Ethanol makers hit by cash crunch
SAN FRANCISCO/NEW YORK
SAN FRANCISCO/NEW YORK (Reuters) - Shares of U.S. ethanol makers took a beating on Wednesday as they wrestle with unpredictable corn prices and dwindling cash piles at a time when capital markets look unlikely to provide easy financing.
Aventine Renewable Energy Holdings Inc said on Wednesday it could seek to issue new debt and shares or delay construction of some plants to shore up its cash position, and its shares tumbled 22 percent to $3.94 in afternoon trade.
That came a day after industry leader VeraSun Energy Corp warned of a larger-than-expected quarterly loss, hurt by costly contracts for the corn from which its ethanol is made, and its stock plunged 72 percent to $1.48 on Wednesday.
The financial squeeze comes despite the sector's rampant growth.

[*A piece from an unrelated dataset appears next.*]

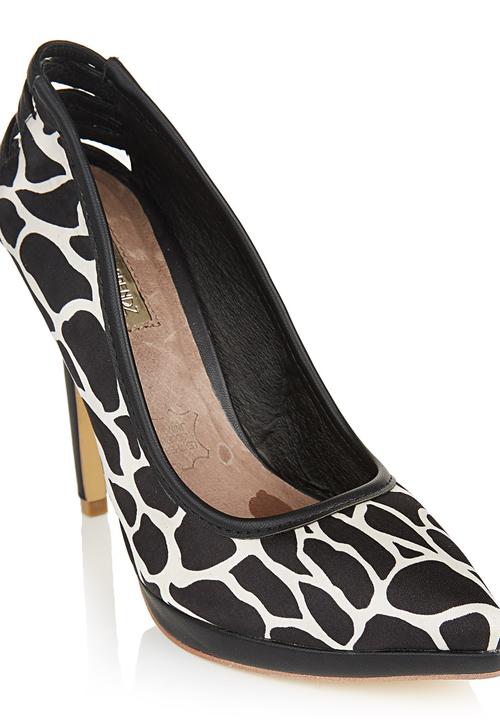giraffe print heels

Annual U.S. ethanol capacity has grown 60 percent since last year to 10.96 billion gallons as producers expect federal mandates and pricey oil to open up markets for the alternative motor fuel.
"It's not ethanol as an industry that's in danger here," said Pavel Molchanov, analyst at Raymond James and Associates. "The news from VeraSun just underscores how hedging can help companies manage risk but it can also cause damage.

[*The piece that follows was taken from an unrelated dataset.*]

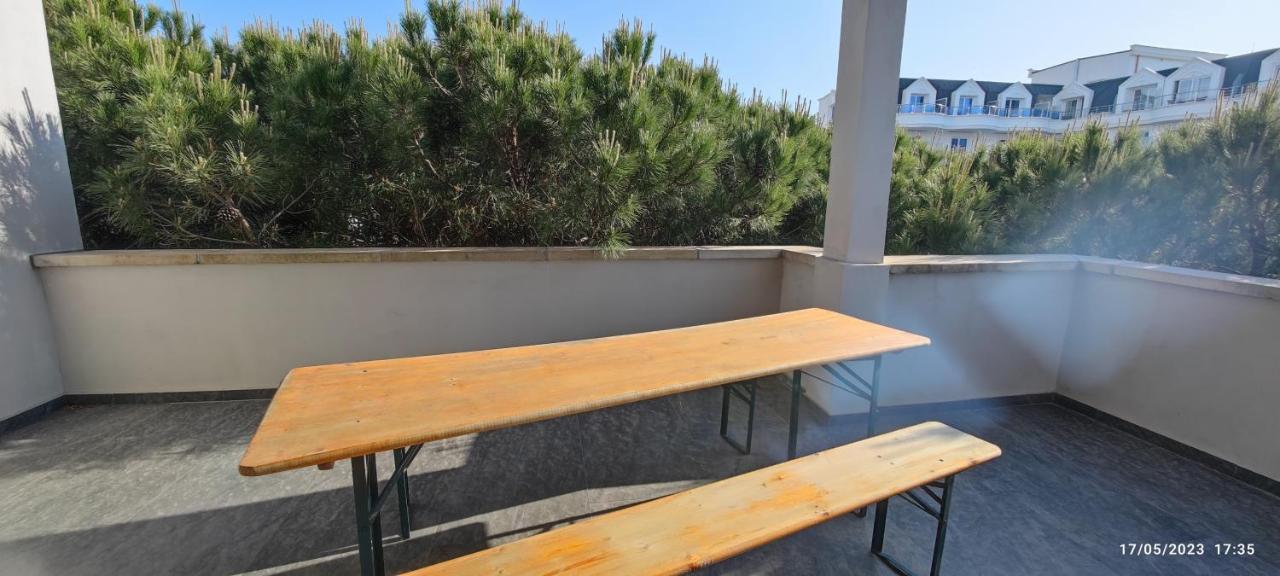 Attico Vista Mare Apartment Golem  Bagian luar foto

"It can help but it can hurt."
VeraSun, based in Brookings, South Dakota, is issuing 20 million shares as its stock trades at new lows, which Molchanov noted was "not something most companies would want to do."
Raising money will only prove harder due to financial market turmoil stemming from the bankruptcy of Wall Street firm Lehman Brothers Holdings Inc and the $85 billion federal rescue of insurer American International Group.
A DELICATE POSITION
Ron Oster, an analyst with Broadpoint Capital in St. Louis, said VeraSun had many spending commitments to cover.
"With several plants under contruction, capital expenditures are expected to ramp up in 2008 and net debt levels are expected to increase," Oster wrote in a research note on Wednesday. "The company is in an extremely delicate financial position due to its significant hedging loss."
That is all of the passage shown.